Преодоление границы между жизнью и смертью в новеллах и сказках писательницы часто зависит от стариков. Старик является носителем «сенексной» силы, что олицетворяет мудрость, а также сложную связь добра и зла. В архетипе «Старушка» в сказках и новеллах воплощается мотив судьбы. В «Сказке о часах», «Истории живописца» и др. старушка выступает в традиционной роли дарительницы, но в то же время является зримым воплощением идеи Жизни-Смерти-Жизни.

Древнейшие архетипы амбивалентны, «сенексная сила» допускает омоложение и трансформацию героя. В сказке «Две сестры» происходит чудо превращения бабушек в девочек-подростков, которым нужно выжить в хаосе современного мира. Архетип трансформируется – в нем исчезают такие черты, как причастность стариков к тайнам бытия, способность видеть будущее и волшебным образом влиять на него. Архетип старика соединяется у Петрушевской с архетипом ребенка, этим подчеркивается хрупкость и уязвимость собственно основ бытия.

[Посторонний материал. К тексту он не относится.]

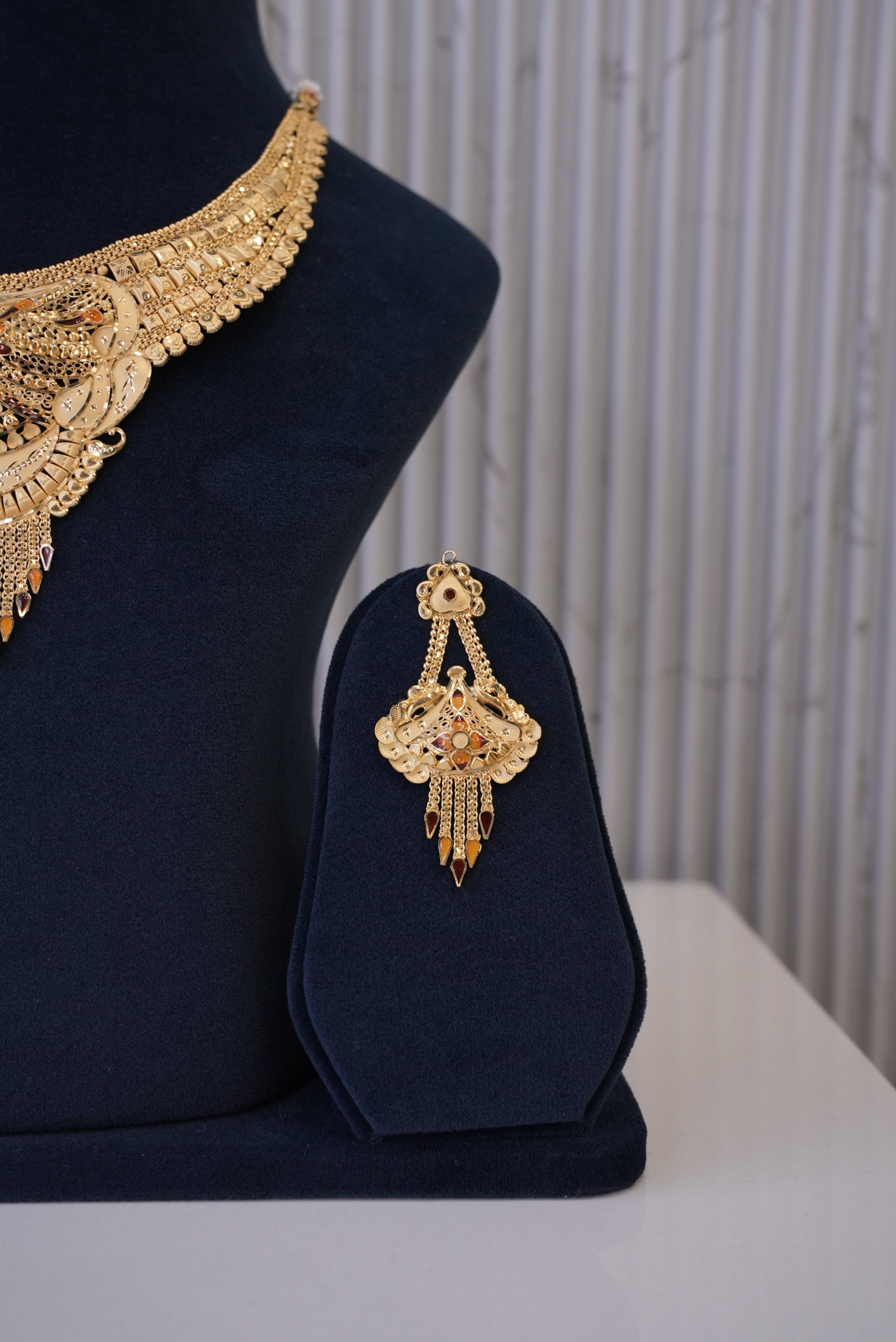 Diva‰۪s Drape, Necklace, Gold Patra demi-fine jewellery, SKU N_GS_4 image 3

В сказках Петрушевской присутствует архетип идеальной пары – «Он и Она». В сказке «За стеной» женщина, которая отдала все для спасения любимого, далее становится объектом любви не менее возвышенной. Любовь у Петрушевской часто оказывается растоптанной, но присутствие в жизни нерушимой идеальной пары возвращает ее в круг онтологических основ бытия. В «Настоящих сказках» (в отличие от традиционной сказочной модели) герои в финале не достигают богатства или могущества, остаются на своих скромных жизненных местах, но по традиции находят счастье в любви, в понимании близких. В то же время семейный мотив модернизируется. Неполные семьи: дедушка и внуки («Маленькая волшебница»), мать и ребенок («Матушка капуста»), сестры и приемная бабушка («Две сестры») – находят сказочное счастье. Архетип «ОН и Она» тесно связан у Петрушевской с архетипами «Мать и Дитя», «Старик (Старушка)», что способствует актуализации моральных ценностей.

Сказочный мир Петрушевской не добрее мира ее новелл, повестей и пьес. Счастье тут возможно благодаря мудрости действующих лиц, что превращает всех протагонистов, независимо от пола и возраста, в юродивого/Ивана-дурака.

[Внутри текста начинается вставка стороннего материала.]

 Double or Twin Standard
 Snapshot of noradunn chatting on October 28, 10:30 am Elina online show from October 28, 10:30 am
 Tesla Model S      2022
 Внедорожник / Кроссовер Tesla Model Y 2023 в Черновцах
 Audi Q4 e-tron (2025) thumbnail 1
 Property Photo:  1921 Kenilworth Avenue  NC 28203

«Мудрость чудака», независимо от того, действует он в современных обстоятельствах («Девушка Нос», «История живописца», «Остров летчиков»), или в условном сказочном королевстве («Глупая принцесса», «Принцесса Белоножка»), заключается в полной неспособности «жить по правилам». Только так герои могут отстоять свои ценности в жестоком и абсурдном мире. Архетип юродивого освещает все образы в сказках Петрушевской. Ученый («Золотая тряпка») без сомнений отказывается от денег и славы и возвращает народу маленькой горной страны священную реликвию, которая олицетворяет его язык и память о предках. Влюбленный учитель («Крапива и Малина») пускается на поиски волшебного цветка к огромной городской свалке мусора, и его сумасшедшая выдумка заканчивается удачно, приносит ему счастье. «Неразумные», «непрактичные» поступки героев-протагонистов оказываются проявлением высоких моральных характеристик и настоящей мудрости.

Конкретизация образов, созданных на основе архетипов, реализуется благодаря их интертекстуальному наполнению и переосмыслению. Сказки Петрушевской отличаются богатством этнокультурных образов и мотивов. В них присутствуют мифологические и литературные мотивы широкого диапазона, которые порождают переосмысление известных сюжетов в русле проблем современной культуры.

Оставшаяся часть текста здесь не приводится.